TASK TO CARRY OUT
Without the pictures, set down every line of the data exactly.

LISTED RECORDS

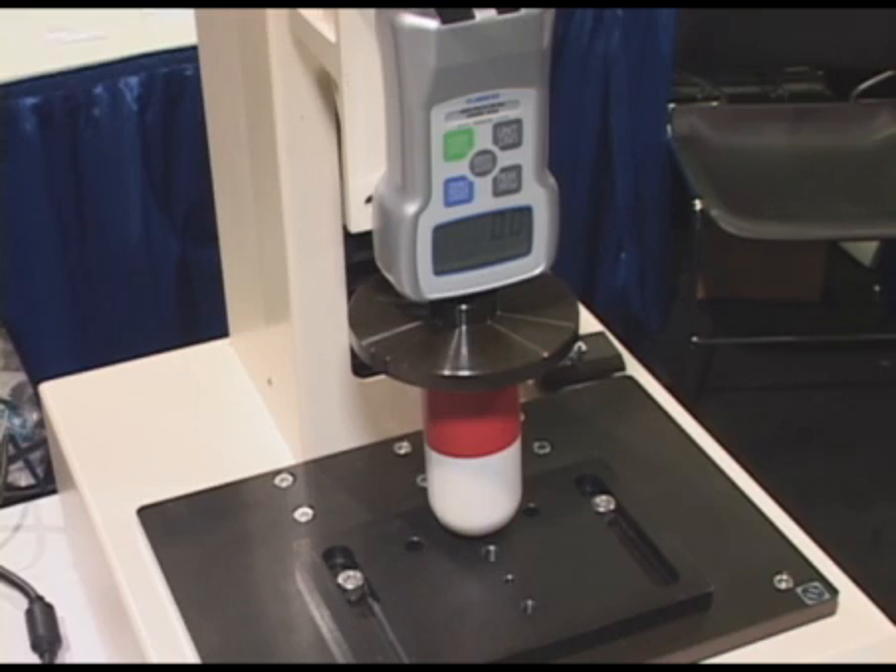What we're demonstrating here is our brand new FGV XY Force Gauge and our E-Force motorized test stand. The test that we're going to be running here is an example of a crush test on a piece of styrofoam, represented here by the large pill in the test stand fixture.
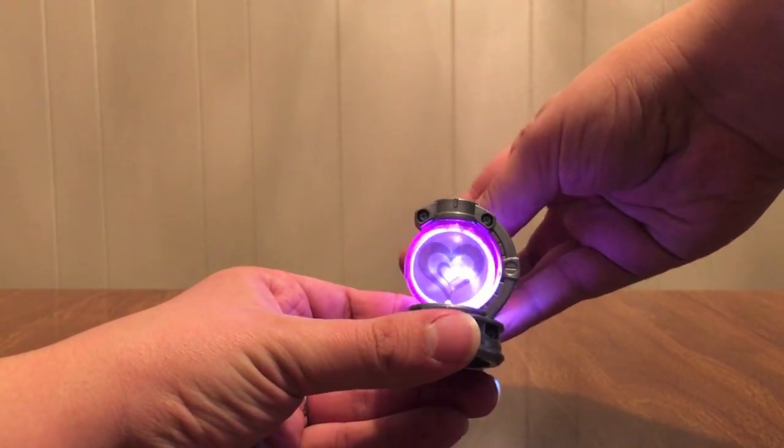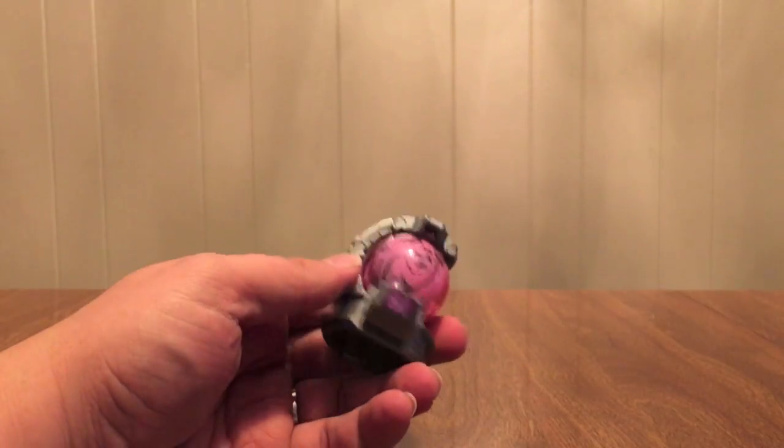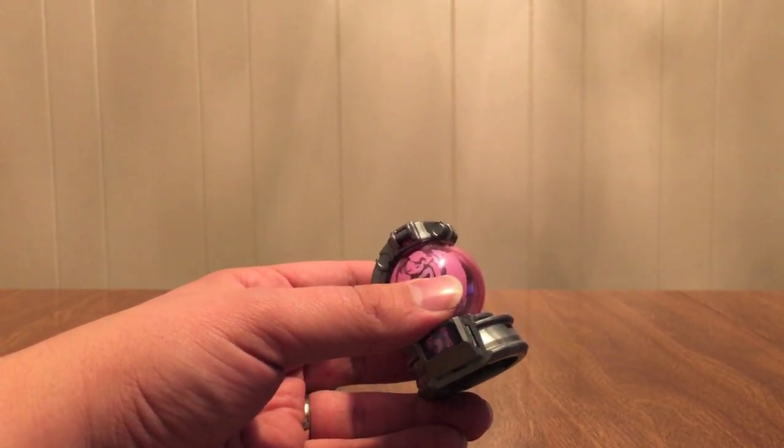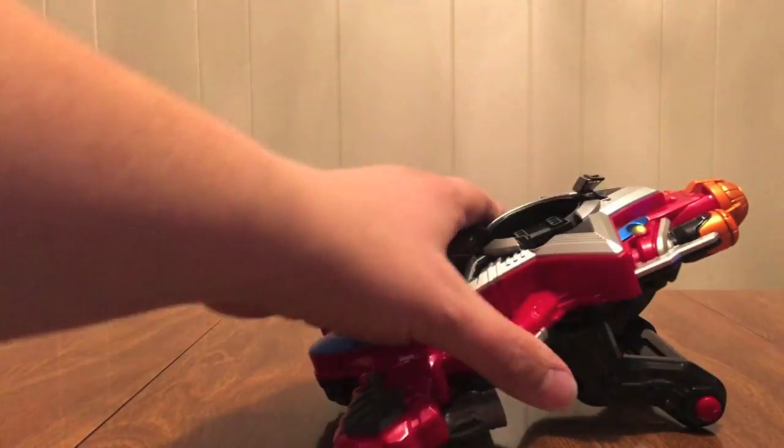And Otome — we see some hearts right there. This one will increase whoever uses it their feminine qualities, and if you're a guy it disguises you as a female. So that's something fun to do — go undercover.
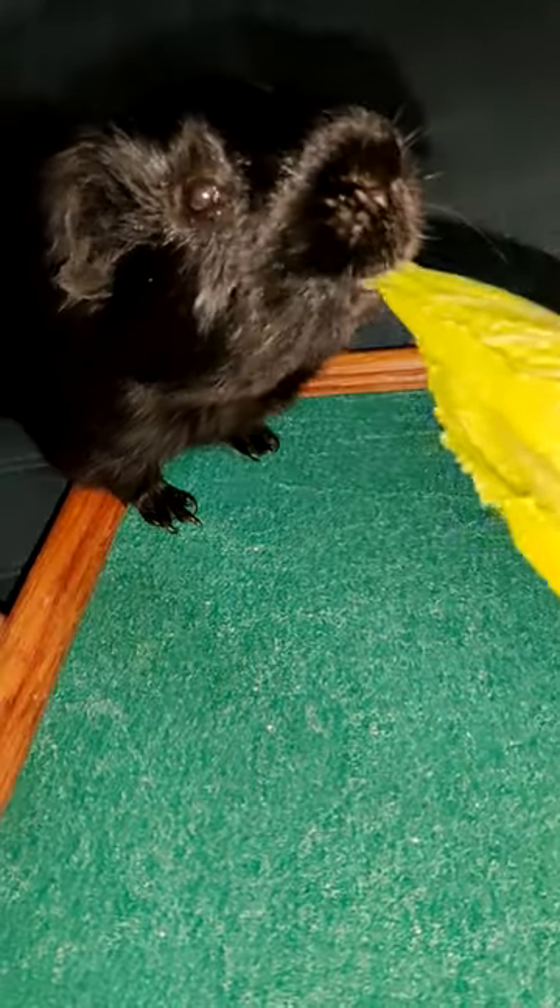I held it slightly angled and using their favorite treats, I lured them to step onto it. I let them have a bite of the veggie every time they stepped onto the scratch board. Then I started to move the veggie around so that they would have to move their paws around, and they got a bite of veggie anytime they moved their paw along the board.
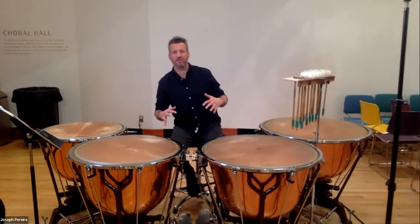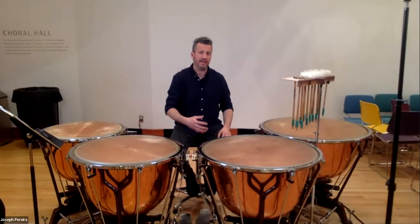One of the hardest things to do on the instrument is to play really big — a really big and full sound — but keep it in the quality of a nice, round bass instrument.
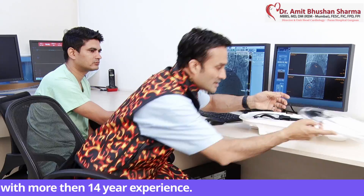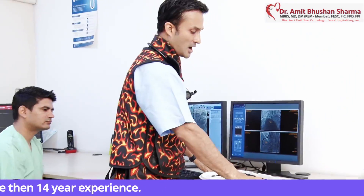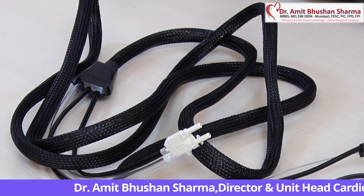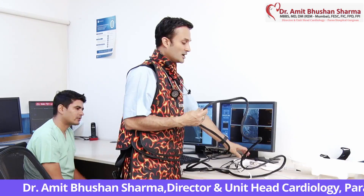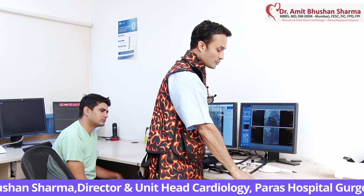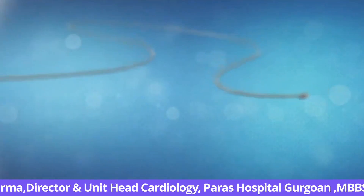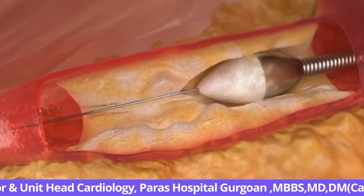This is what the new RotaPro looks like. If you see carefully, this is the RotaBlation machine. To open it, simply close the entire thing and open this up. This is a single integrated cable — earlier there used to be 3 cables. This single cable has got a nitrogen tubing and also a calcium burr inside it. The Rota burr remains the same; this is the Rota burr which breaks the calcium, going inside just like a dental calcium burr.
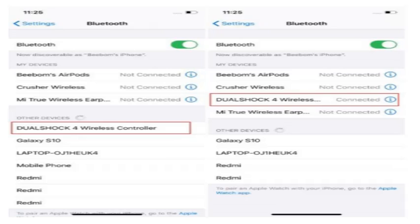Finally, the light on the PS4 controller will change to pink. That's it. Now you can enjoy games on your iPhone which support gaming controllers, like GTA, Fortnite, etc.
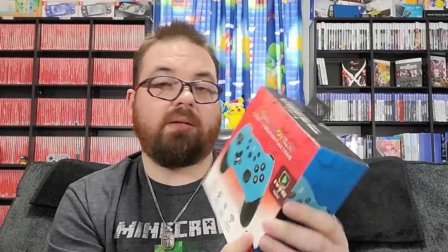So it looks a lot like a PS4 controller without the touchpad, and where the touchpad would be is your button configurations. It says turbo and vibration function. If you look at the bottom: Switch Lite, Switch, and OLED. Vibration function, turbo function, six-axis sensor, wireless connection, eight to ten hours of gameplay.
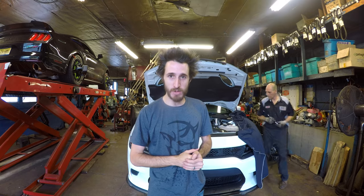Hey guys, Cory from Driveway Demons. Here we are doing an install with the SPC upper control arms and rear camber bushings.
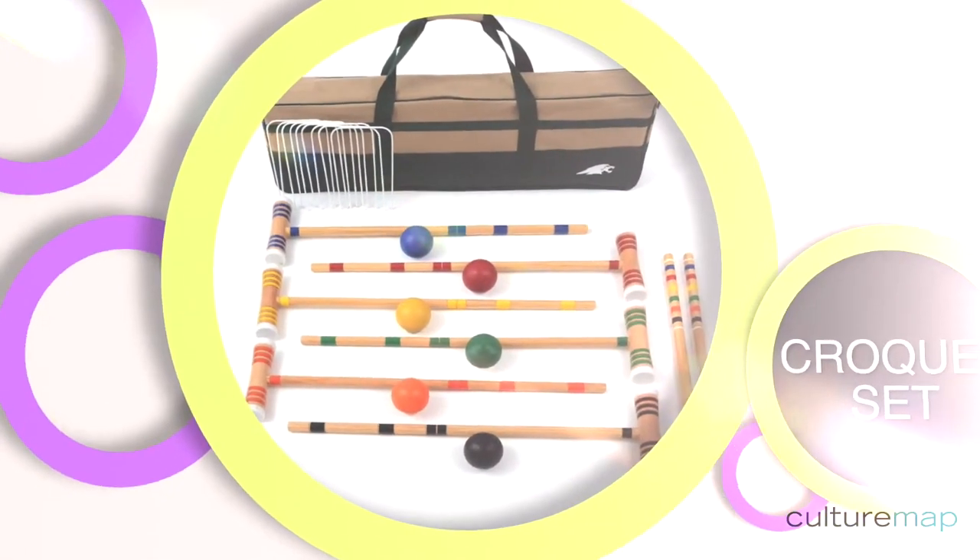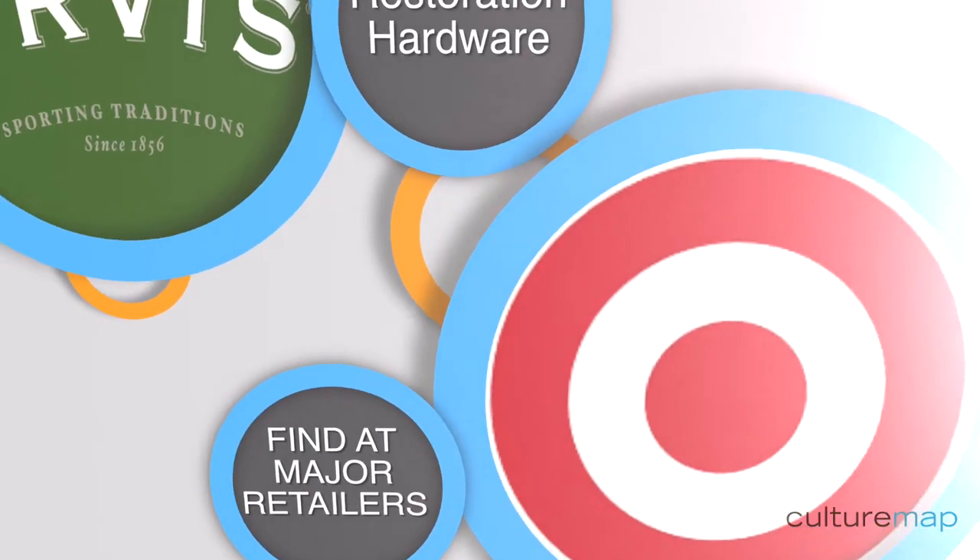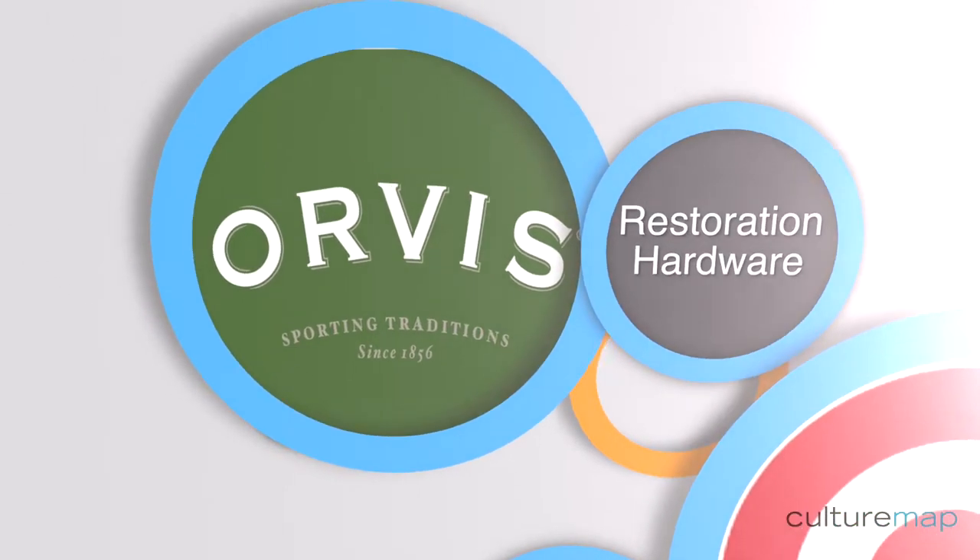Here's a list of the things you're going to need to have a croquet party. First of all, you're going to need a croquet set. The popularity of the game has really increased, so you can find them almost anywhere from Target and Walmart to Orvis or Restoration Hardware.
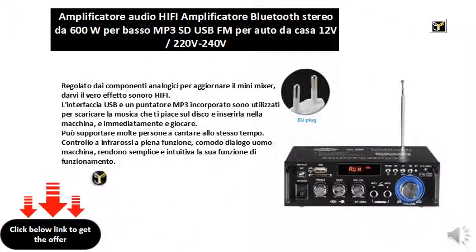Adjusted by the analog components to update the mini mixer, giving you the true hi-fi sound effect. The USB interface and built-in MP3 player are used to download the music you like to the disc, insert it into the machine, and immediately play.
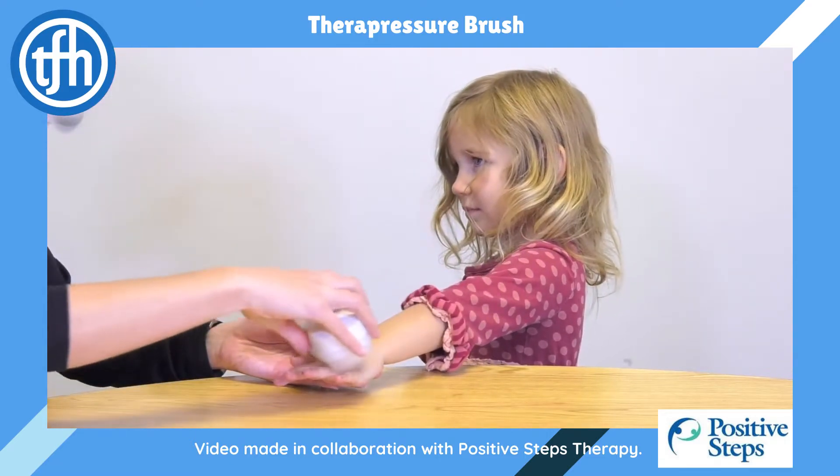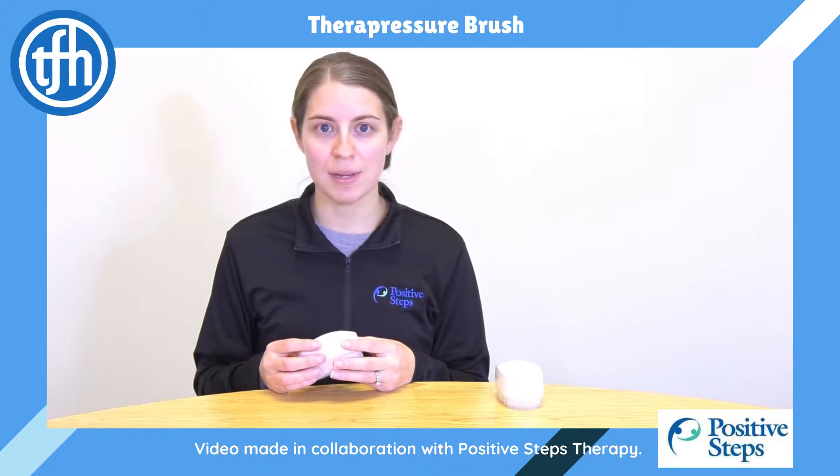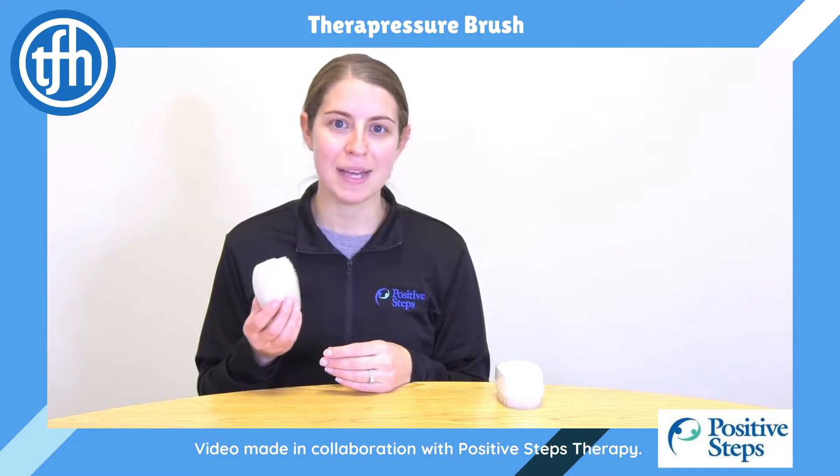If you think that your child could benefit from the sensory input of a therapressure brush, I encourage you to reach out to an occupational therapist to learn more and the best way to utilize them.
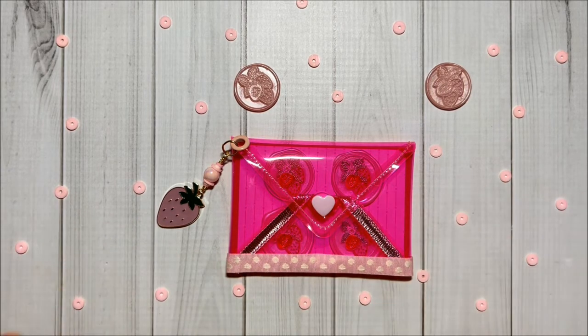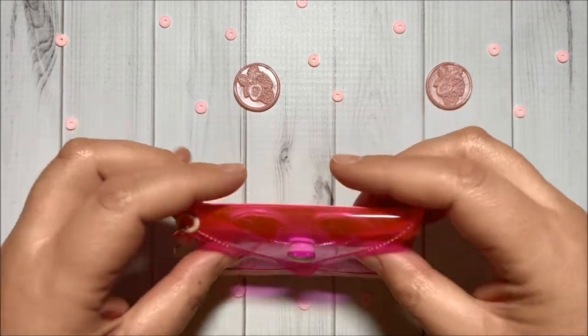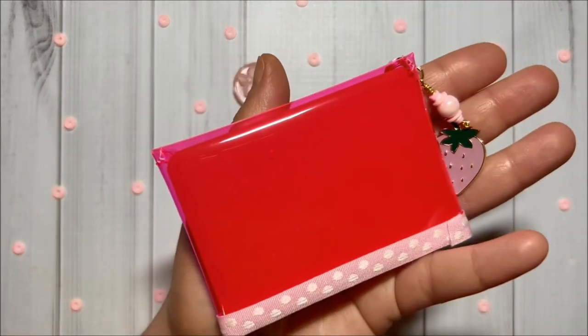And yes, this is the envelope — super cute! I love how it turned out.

SOLUTION TO THE PROBLEM
What we're demonstrating here is our brand new FGV XY Force Gauge and our E-Force motorized test stand. The test that we're going to be running here is an example of a crush test on a piece of styrofoam, represented here by the large pill in the test stand fixture.
And Otome — we see some hearts right there. This one will increase whoever uses it their feminine qualities, and if you're a guy it disguises you as a female. So that's something fun to do — go undercover.
I held it slightly angled and using their favorite treats, I lured them to step onto it. I let them have a bite of the veggie every time they stepped onto the scratch board. Then I started to move the veggie around so that they would have to move their paws around, and they got a bite of veggie anytime they moved their paw along the board.
One of the hardest things to do on the instrument is to play really big — a really big and full sound — but keep it in the quality of a nice, round bass instrument.
This is what the new RotaPro looks like. If you see carefully, this is the RotaBlation machine. To open it, simply close the entire thing and open this up. This is a single integrated cable — earlier there used to be 3 cables. This single cable has got a nitrogen tubing and also a calcium burr inside it. The Rota burr remains the same; this is the Rota burr which breaks the calcium, going inside just like a dental calcium burr.
Finally, the light on the PS4 controller will change to pink. That's it. Now you can enjoy games on your iPhone which support gaming controllers, like GTA, Fortnite, etc.
So it looks a lot like a PS4 controller without the touchpad, and where the touchpad would be is your button configurations. It says turbo and vibration function. If you look at the bottom: Switch Lite, Switch, and OLED. Vibration function, turbo function, six-axis sensor, wireless connection, eight to ten hours of gameplay.
Hey guys, Cory from Driveway Demons. Here we are doing an install with the SPC upper control arms and rear camber bushings.
Here's a list of the things you're going to need to have a croquet party. First of all, you're going to need a croquet set. The popularity of the game has really increased, so you can find them almost anywhere from Target and Walmart to Orvis or Restoration Hardware.
Adjusted by the analog components to update the mini mixer, giving you the true hi-fi sound effect. The USB interface and built-in MP3 player are used to download the music you like to the disc, insert it into the machine, and immediately play.
If you think that your child could benefit from the sensory input of a therapressure brush, I encourage you to reach out to an occupational therapist to learn more and the best way to utilize them.
And yes, this is the envelope — super cute! I love how it turned out.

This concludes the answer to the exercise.